A physician assistant typically trains in a master’s degree program — 12 months in class and 12 months or about 2,000 clinical hours under a physician.

Saanich Peninsula ER physician Dr. Jeff Unger said it’s hoped the program will roll out in April.

“It will be the first time working with PAs for most of us, and so there is a lot of behind-the-scenes preparation going on, too,” said Unger, who called the addition of PAs in the B.C. health care system “incredibly important.”

Ideally, he said, it will help alleviate strain on emergency departments by “working alongside us and efficiently assessing and treating patients, reducing wait times, and ensuring that individuals receive appropriate timely care.”

Unger said Saanich Peninsula Hospital has been dealing with escalating patient demand and complexity that has outstripped physical space and human-resource capacities over the past few years.

With additional nurses, unit aides, respiratory therapists and lab resources also needed, the PA position alone will not permit the emergency department to reopen overnight, he said.

The PA pilot will begin with daytime care and likely take several months to assess and review its impacts, said Unger.

Lisa Stewart, director of the B.C. division of the Canadian Association of Physician Assistants, called the launch of the pilot “a monumental moment.”

The Health Ministry, college and health authorities “did an immense amount of work in a relatively short period of time to come to this place of finally posting the first job post for Island Health and Saanich Peninsula,” Stewart said.

“We’re extremely thrilled about this and we just hope it sets the tone for ongoing growth for the profession in the province.”

Stewart said about 30 physician assistants are in the province.
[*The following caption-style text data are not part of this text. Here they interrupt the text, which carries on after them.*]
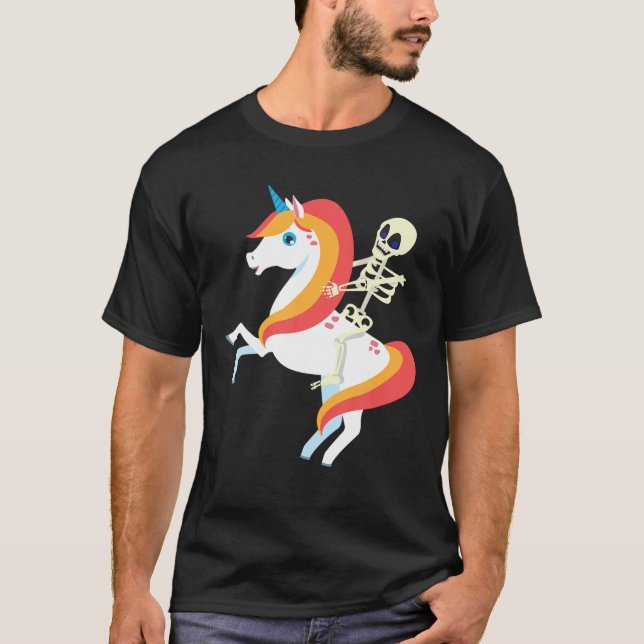 Skeleton Riding Unicorn Cute Funny Skull Halloween T Shirt (Framsida)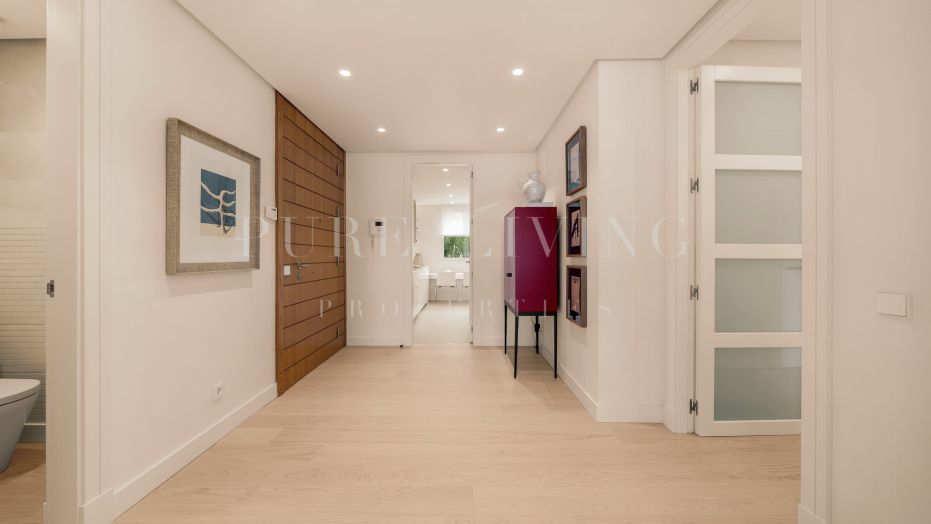 Luxe Volledig Gerenoveerd Appartement met Zeezicht in Retiro de Nagüeles, Marbella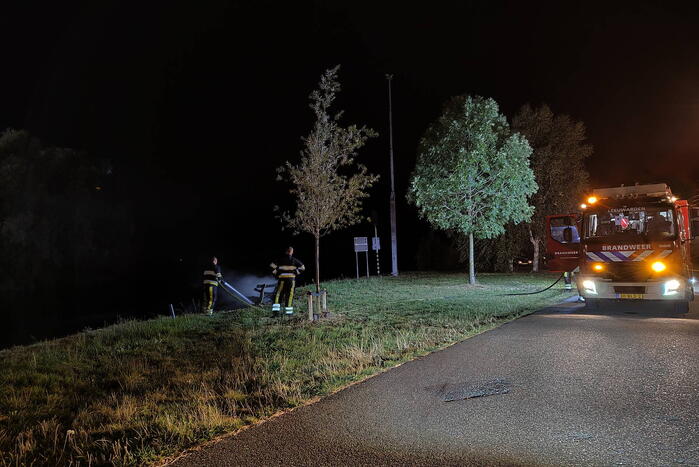 Bank vliegt in brand in buitenruimte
Only about 13 are working full-time, with the Canadian Armed Forces, which has used physician assistants for about half a century.

The remaining PAs in the province commute to work elsewhere in Canada or the United States, while others have found jobs in the province in other fields.

Not all PAs are experienced working in emergency rooms, said Stewart — some may have expertise in primary care or surgical care.

Physician assistants are already licensed to practise in New Brunswick, Nova Scotia, Ontario, Manitoba, Alberta and Saskatchewan.

Four universities train PAs in Canada. Three or four more are planned, at the University of Calgary, University of Ottawa, University of Saskatchewan and in Quebec.

There are more than 1,000 physician assistants across Canada, said Stewart, and about 168,000 working in the U.S.

Dr. Charles Sun, a staff physician at Westshore Urgent and Primary Care Centre who has worked with and helped train physician assistants and advocated for the pilot project, said while working under the supervision of physicians, physician assistants can perform patient exams, order laboratory and diagnostic tests, prescribe medications, manage treatment plans, and advise patients on preventative health care.

Stewart said PAs will bolster the province’s aim to build out team-based care in hospitals and communities.

She said the Health Ministry is being wisely strategic in first opening the door in emergency departments to “try and carve out a niche for physician assistants,” but as the program unfolds, she’d like to see it expand to surgical roles in hospitals and into primary care in the community.

“We think expanding the role beyond emergency departments as well as introducing a PA school will only further the profession and B.C.’s commitment to the program,” Stewart said.

“It’s really is going to be an investment the province is going to have to make to grow our own PAs and develop our own profession internally.”

There is no current formal proposal for a training program in B.C., which Dix has said is “one of the issues we’re looking at.”